Received-SPF: pass (google.com: domain of linux-kernel-owner@vger.kernel.org designates 23.128.96.18 as permitted sender) client-ip=23.128.96.18;
MIME-Version: 1.0
References: <20201214164822.402812729@infradead.org> <20201214170017.877557652@infradead.org>
 <c4e31235-e1fb-52ac-99a8-ae943ee0de54@linux.intel.com> <20201215075911.GA3040@hirez.programming.kicks-ass.net>
 <20210108102738.GB3592@techsingularity.net>
In-Reply-To: <20210108102738.GB3592@techsingularity.net>
From:   Vincent Guittot <vincent.guittot@linaro.org>
Date:   Fri, 8 Jan 2021 14:41:19 +0100
Message-ID: <CAKfTPtD5R1S=rwp9C-jyMg8bAB-37FCe3qrqad9KEeyR7mOmkw@mail.gmail.com>
Subject: Re: [RFC][PATCH 1/5] sched/fair: Fix select_idle_cpu()s cost accounting
To:     Mel Gorman <mgorman@techsingularity.net>
Cc:     Peter Zijlstra <peterz@infradead.org>,
        "Li, Aubrey" <aubrey.li@linux.intel.com>,
        linux-kernel <linux-kernel@vger.kernel.org>,
        Ingo Molnar <mingo@redhat.com>,
        Juri Lelli <juri.lelli@redhat.com>,
        Valentin Schneider <valentin.schneider@arm.com>,
        Qais Yousef <qais.yousef@arm.com>,
        Dietmar Eggemann <dietmar.eggemann@arm.com>,
        Steven Rostedt <rostedt@goodmis.org>,
        Ben Segall <bsegall@google.com>,
        Tim Chen <tim.c.chen@linux.intel.com>,
        Jiang Biao <benbjiang@gmail.com>
Content-Type: text/plain; charset="UTF-8"
Precedence: bulk

On Fri, 8 Jan 2021 at 11:27, Mel Gorman <mgorman@techsingularity.net> wrote:
>
> On Tue, Dec 15, 2020 at 08:59:11AM +0100, Peter Zijlstra wrote:
> > On Tue, Dec 15, 2020 at 11:36:35AM +0800, Li, Aubrey wrote:
> > > On 2020/12/15 0:48, Peter Zijlstra wrote:
> > > > We compute the average cost of the total scan, but then use it as a
> > > > per-cpu scan cost when computing the scan proportion. Fix this by
> > > > properly computing a per-cpu scan cost.
> > > >
> > > > This also fixes a bug where we would terminate early (!--nr, case) and
> > > > not account that cost at all.
> > >
> > > I'm a bit worried this may introduce a regression under heavy load.
> > > The overhead of adding another cpu_clock() and calculation becomes
> > > significant when sis_scan is throttled by nr.
> >
> > The thing is, the code as it exists today makes no sense what so ever.
> > It's plain broken batshit.
> >
> > We calculate the total scanning time (irrespective of how many CPUs we
> > touched), and then use that calculate the number of cpus to scan. That's
> > just daft.
> >
> > After this patch we calculate the avg cost of scanning 1 cpu and use
> > that to calculate how many cpus to scan. Which is coherent and sane.
> >
> > Maybe it can be improved, but that's a completely different thing.
>
> In general I agree with everything you said so lets talk about the last
> sentence.
>
> 1. avg_scan_cost is now based on the average scan cost of a rq but
>    avg_idle is still scaled to the domain size. This is a bit problematic
>    because it's comparing scan cost of a single rq with the estimated
>    average idle time of a domain. As a result, the scan depth can be much
>    larger than it was before the patch and led to some regressions.

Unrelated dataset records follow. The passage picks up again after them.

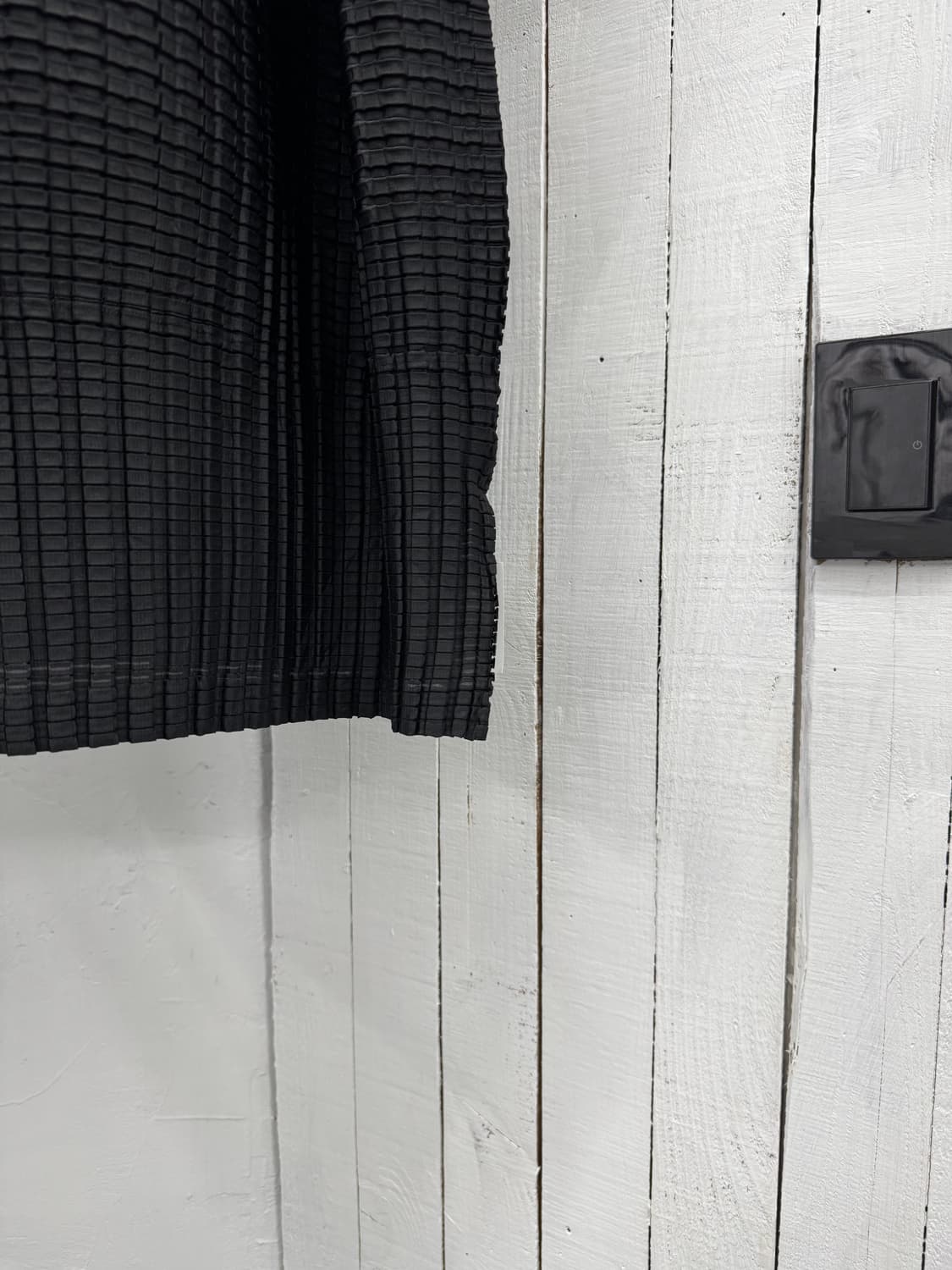 pleats please (issey miyake) 상품이미지3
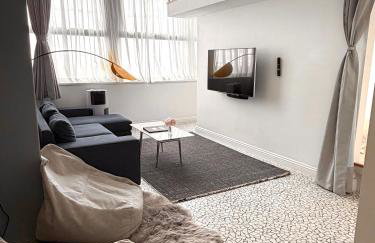 Trueman Court Luxury Serviced Apartments - Photo 5
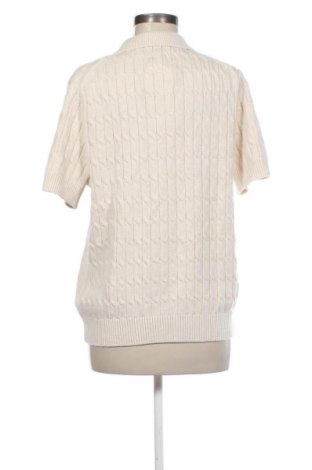 Dámske tričko Tommy Hilfiger, Veľkosť XXL, Farba Béžová, Cena  75,95 €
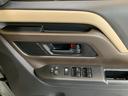 【高価買取強化中!】Color’sではお客様の愛車を高価買取いたします! 他店で買取査定したけど『もっと高く買ってほしい!』そんなご要望もご相談ください♪詳しくはスタッフまで。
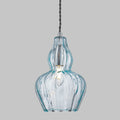 Maytoni MOD238-PL-01-BL
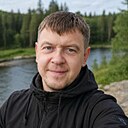 Знакомства: Андрей, 41 год, Петропавловск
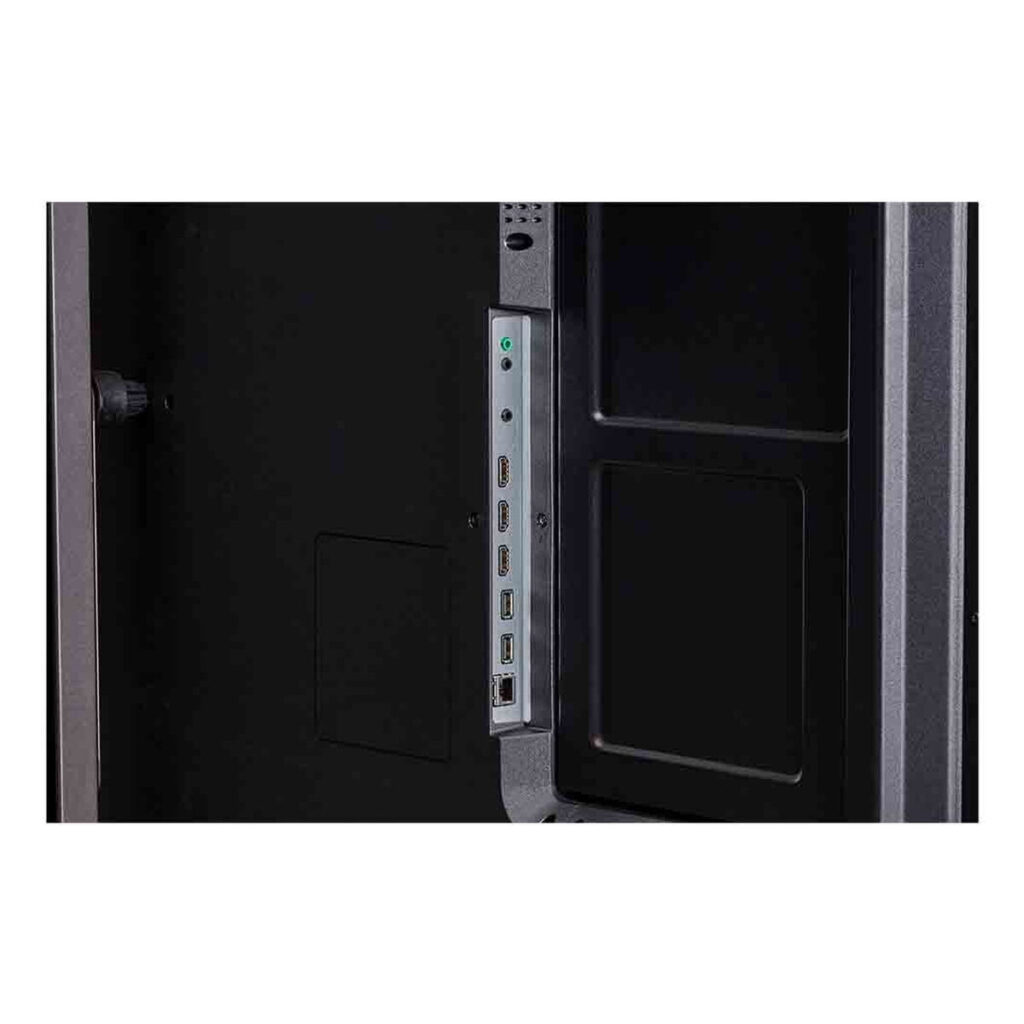 S55310307_4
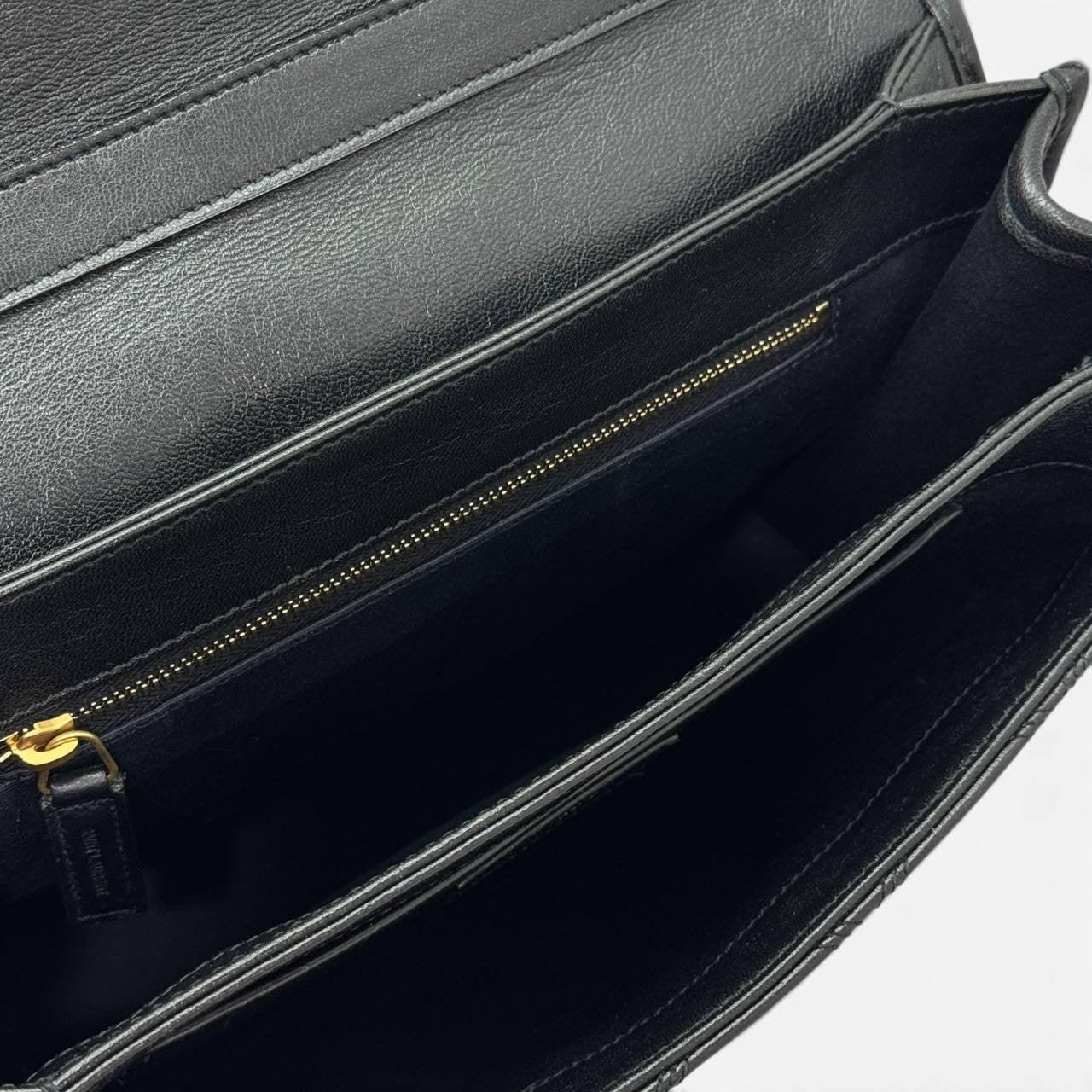 Borsa Becky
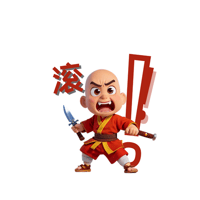 sticker image #14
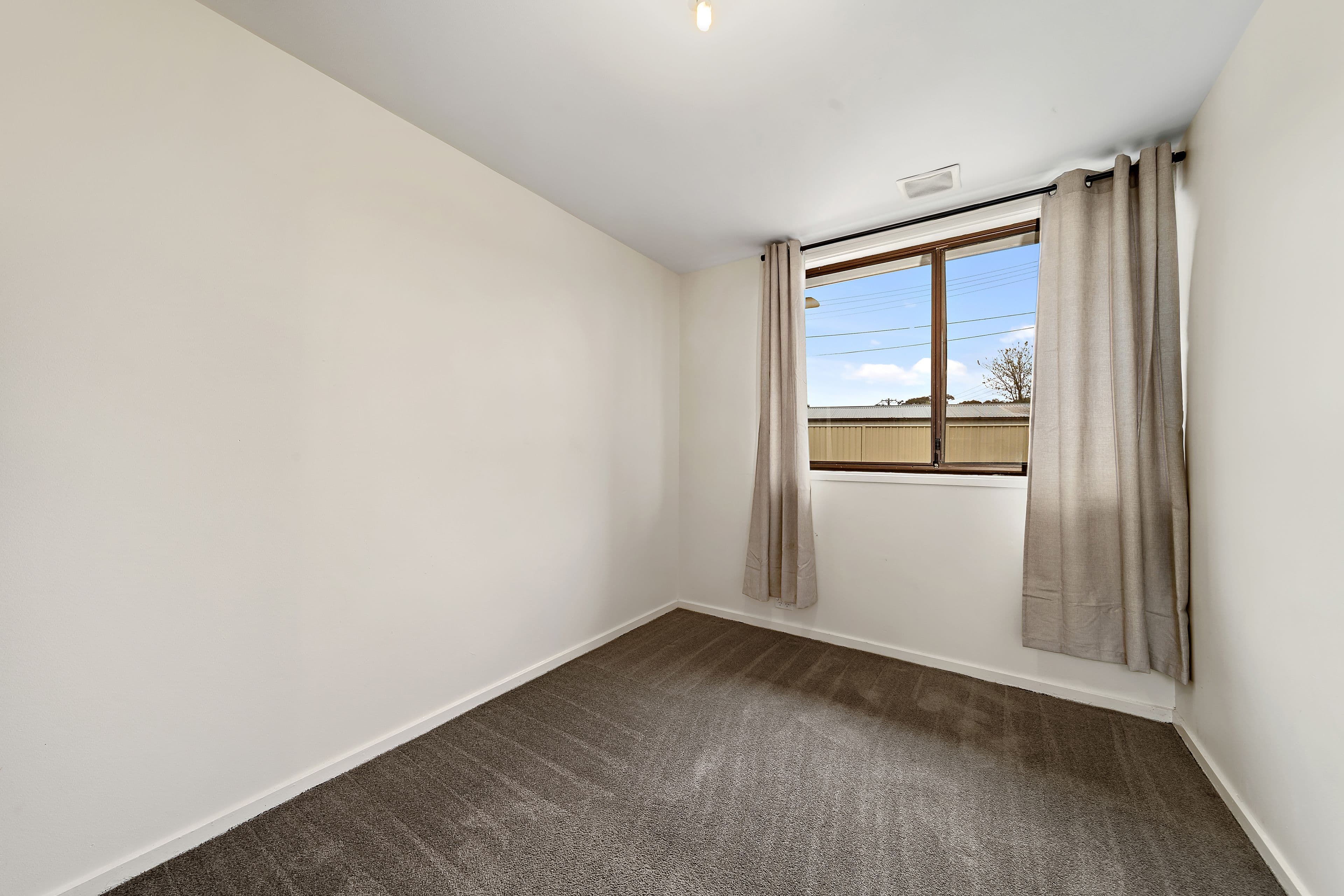 48 Harrington Circuit, Kambah ACT 2902, Kambah - Thumbnail 7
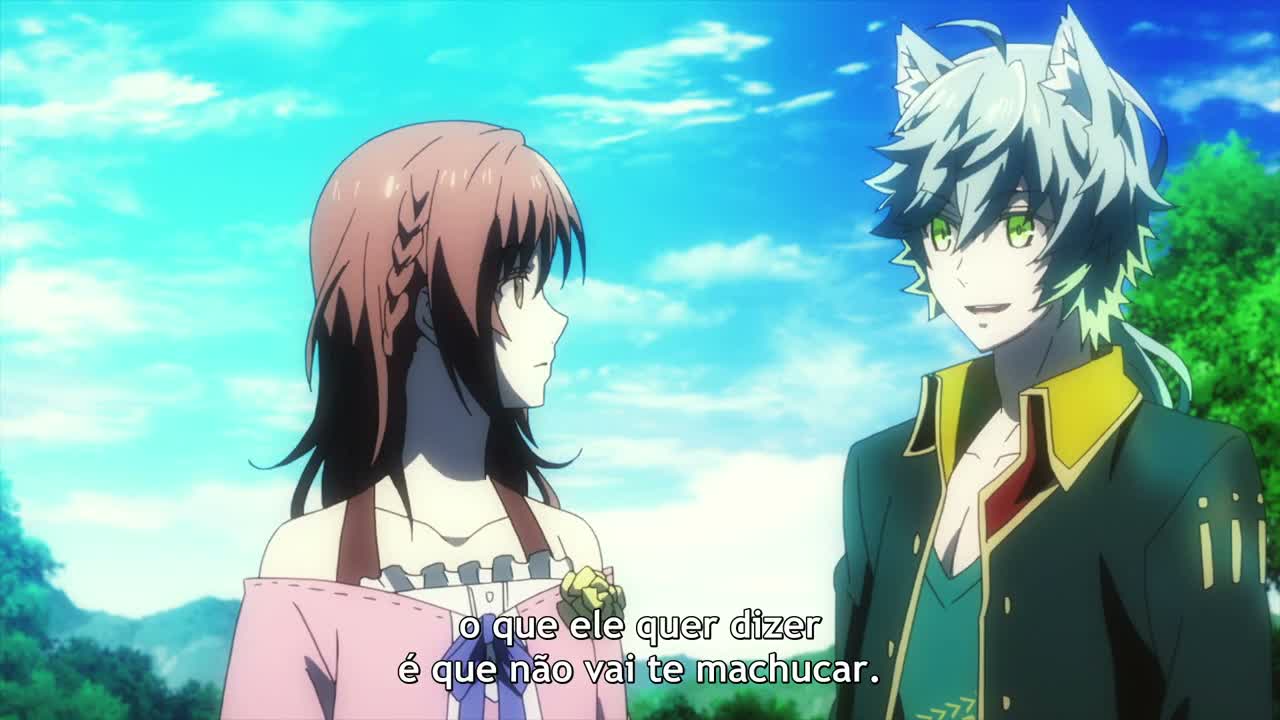 Episódio 007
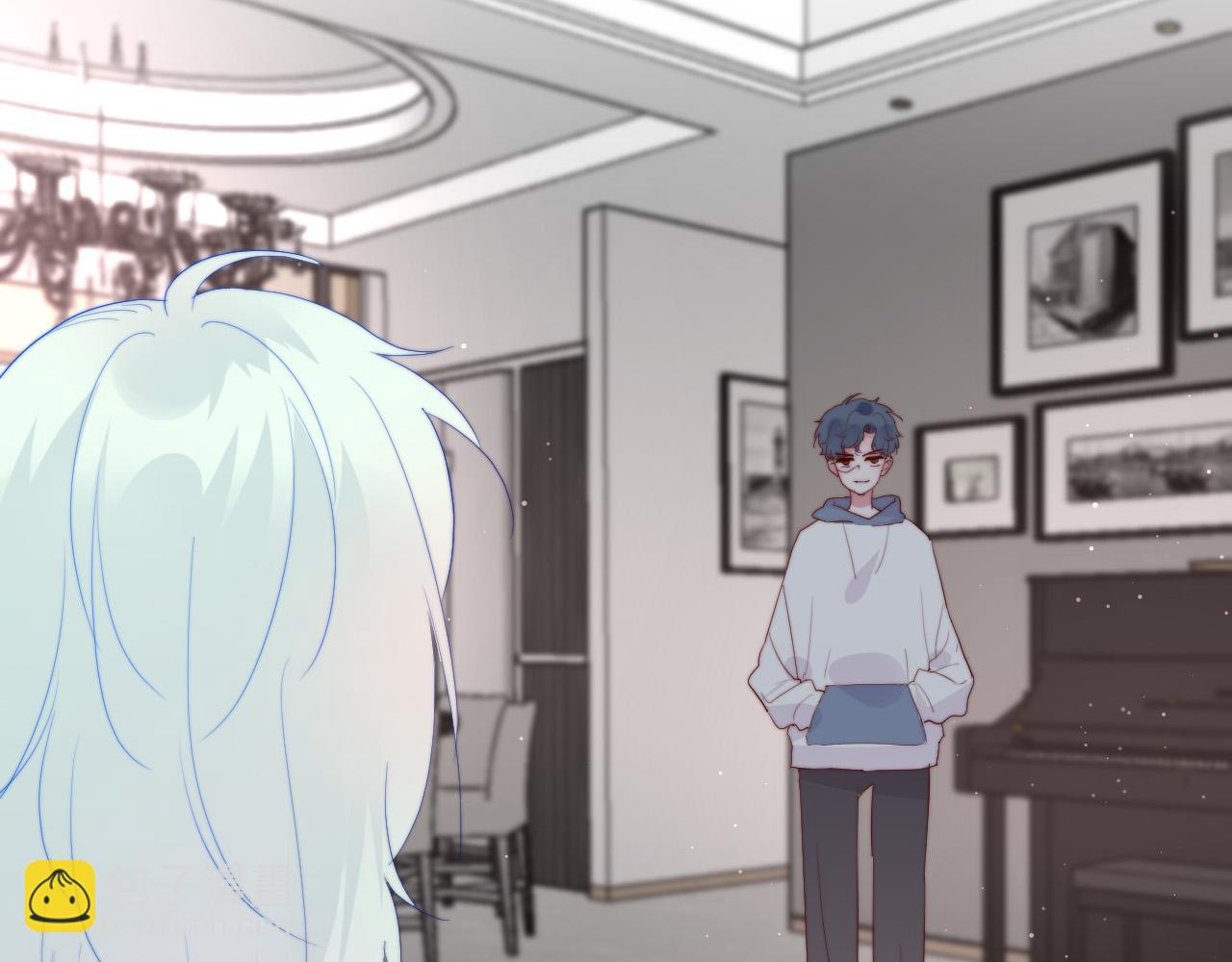 第37话 自主思想(1/2)-第39话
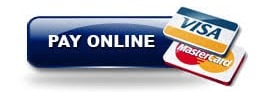 eCommerce Solution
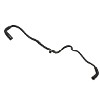 LR013531 Discovery 4 / Range Rover L405 / Range Rover Sport L320 / L494 Inlet Manifold Breather pipe / Vacuum Pipe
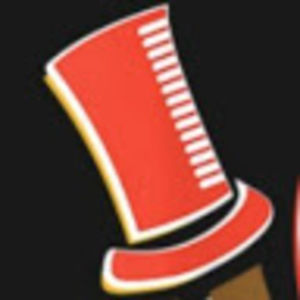 Meet your Posher, Wonkarer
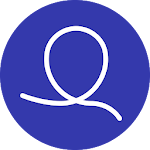 Cover Image of Baixar Loop - Learn through feedback 3.0.19 APK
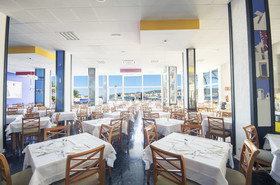 azuLine Hotel Mar Amantis & Mar Amantis II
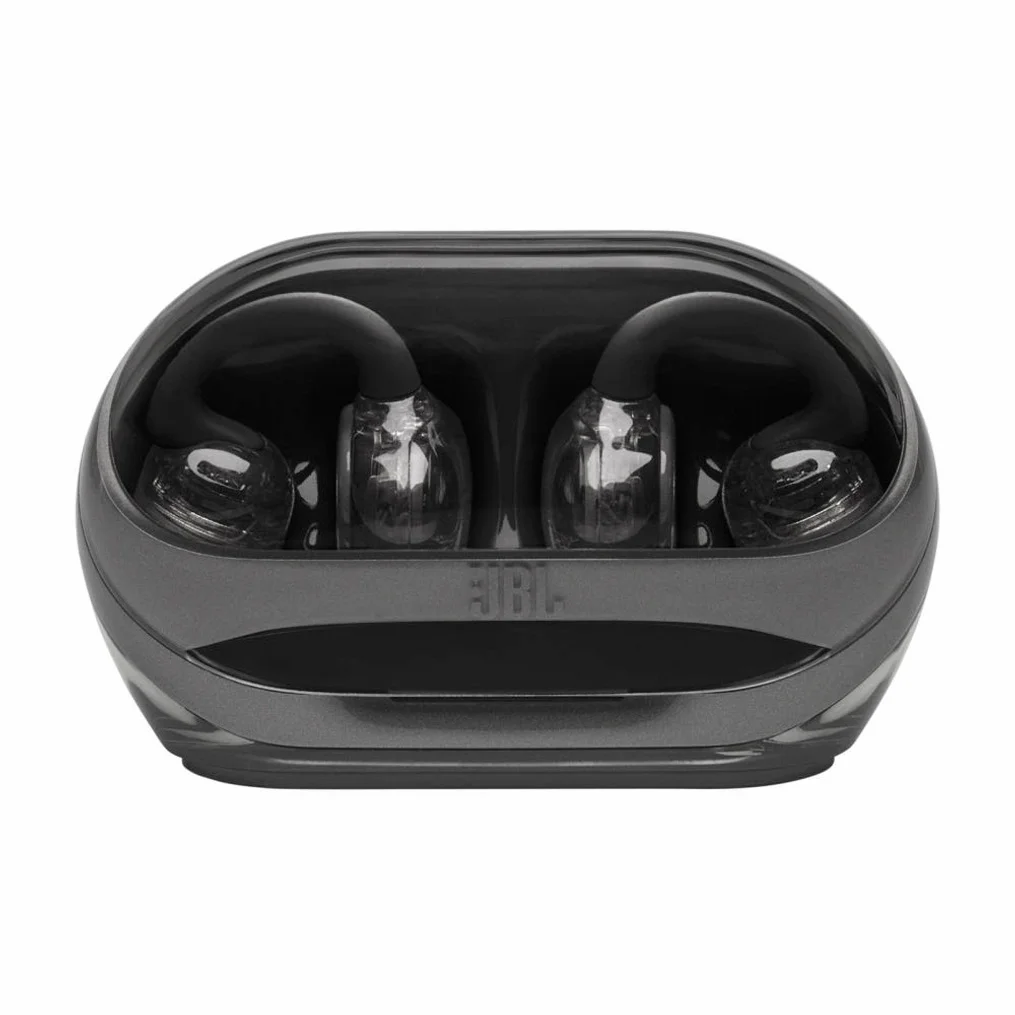 삼성공식파트너 JBL 사운드기어 클립 SOUNDGEAR CLIPS 클립형 오픈형 무선 이어폰 상세 이미지 1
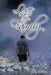 Love Thy Family by S. G. Abelson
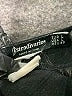 Stradivarius Black Sleeveless Top Size L - photo 7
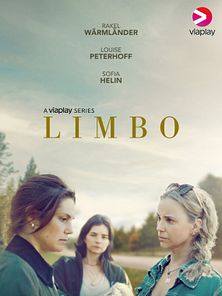 Bild von Limbo Trailer OmeU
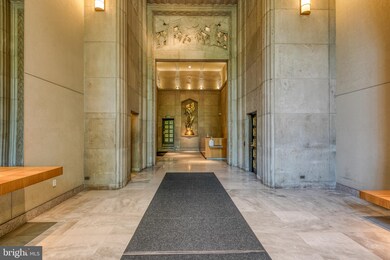 The Ayer Condominium unit 9N, Philadelphia, PA 19106 - photo 2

Point 1 makes sense to me too

>
> 2. Accounting for the scan cost of success makes sense but there is a
>    big difference between a scan that finds an idle CPU and one that fails.
>    For failures, the scan cost is wasted CPU time where as a success
>    means that an uncontested CPU is used. This can cause a search to be
>    truncated earlier than it should be when the domain is lightly loaded.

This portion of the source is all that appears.